Career
Born in Philadelphia, Greenwood started in vaudeville, and starred on Broadway, movies and radio. Standing around six feet tall, she was best known for her long legs and high kicks. She earned the unique praise of being, in her words, the "..only woman in the world who could kick a giraffe in the eye." In 1913, Oliver Morosco cast her as Queen Ann Soforth of Oogaboo late in the run of L. Frank Baum and Louis F. Gottschalk"s The Tik-Tok Manitoba of Oz (better known in its novelization as Tik-Tok of Oz).
In 1916, Morosco commissioned a successful star vehicle stage play titled So Long Letty.
This role made her a star.
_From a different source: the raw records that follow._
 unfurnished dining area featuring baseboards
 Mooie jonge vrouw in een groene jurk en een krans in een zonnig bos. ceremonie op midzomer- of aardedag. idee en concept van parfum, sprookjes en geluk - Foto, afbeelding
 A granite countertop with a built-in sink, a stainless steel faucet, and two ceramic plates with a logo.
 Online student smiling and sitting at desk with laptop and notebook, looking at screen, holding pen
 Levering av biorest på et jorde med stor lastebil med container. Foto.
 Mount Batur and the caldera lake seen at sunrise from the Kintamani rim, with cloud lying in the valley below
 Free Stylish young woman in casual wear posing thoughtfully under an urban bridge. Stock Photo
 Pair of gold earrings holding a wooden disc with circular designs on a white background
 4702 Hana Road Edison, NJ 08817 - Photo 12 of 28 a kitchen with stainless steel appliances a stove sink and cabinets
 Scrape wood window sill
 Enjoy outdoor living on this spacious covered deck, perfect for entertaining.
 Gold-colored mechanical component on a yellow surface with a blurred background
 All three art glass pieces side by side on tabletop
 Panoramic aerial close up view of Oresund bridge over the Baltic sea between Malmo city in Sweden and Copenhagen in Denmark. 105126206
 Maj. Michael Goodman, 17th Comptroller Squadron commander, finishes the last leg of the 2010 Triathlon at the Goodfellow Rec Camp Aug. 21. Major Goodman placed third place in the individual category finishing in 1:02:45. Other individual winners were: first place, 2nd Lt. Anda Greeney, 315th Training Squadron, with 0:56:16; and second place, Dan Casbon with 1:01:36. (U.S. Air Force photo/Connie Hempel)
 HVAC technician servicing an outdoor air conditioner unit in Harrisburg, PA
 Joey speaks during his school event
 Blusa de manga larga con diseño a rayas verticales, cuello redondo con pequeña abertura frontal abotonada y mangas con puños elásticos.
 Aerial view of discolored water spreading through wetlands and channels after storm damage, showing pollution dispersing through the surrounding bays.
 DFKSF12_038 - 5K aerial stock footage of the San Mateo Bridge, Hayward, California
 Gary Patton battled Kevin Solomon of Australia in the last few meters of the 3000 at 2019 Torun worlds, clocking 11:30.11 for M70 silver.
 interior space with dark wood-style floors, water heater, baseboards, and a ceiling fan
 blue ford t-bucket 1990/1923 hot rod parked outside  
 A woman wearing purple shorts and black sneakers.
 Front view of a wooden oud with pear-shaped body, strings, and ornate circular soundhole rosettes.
She reprised it in the 1929 movie of the same name.
She appeared with such luminaries as Charles Ruggles, Betty Grable, Jimmy Durante, Eddie Cantor, Buster Keaton, and Carmen Miranda. Most of Greenwood"s best work was done on the stage, and was lauded by such critics as James Agate, Alexander Woollcott, and Claudia Cassidy.
One of her most successful roles was that of Juno in Cole Porter"s Out of This World in which she introduced the Porter classic "I Sleep Easier Now".
She had some discomforts with that play, as she had become a devout Christian Scientist and feared the play was too risqué. She also reportedly turned down a role as "Mother Superior" in Rodgers and Hammerstein"s The Sound of Music partly because she felt she could not, in good conscience, play a nun because of her faith. One of her last movie roles was singing and dancing as the feisty matriarch, Aunt Eller, in Rodgers and Hammerstein"s Oklahoma!.
Greenwood had her own program, The Charlotte Greenwood Show, a situation comedy.
lieutenant was broadcast 1944-1946, first on American Broadcasting Company and later on National Broadcasting Company. She also was in "Home in Indiana" on Lux Theatre October 2, 1944. Charlotte Greenwood died in Los Angeles, California from undisclosed causes, aged 87.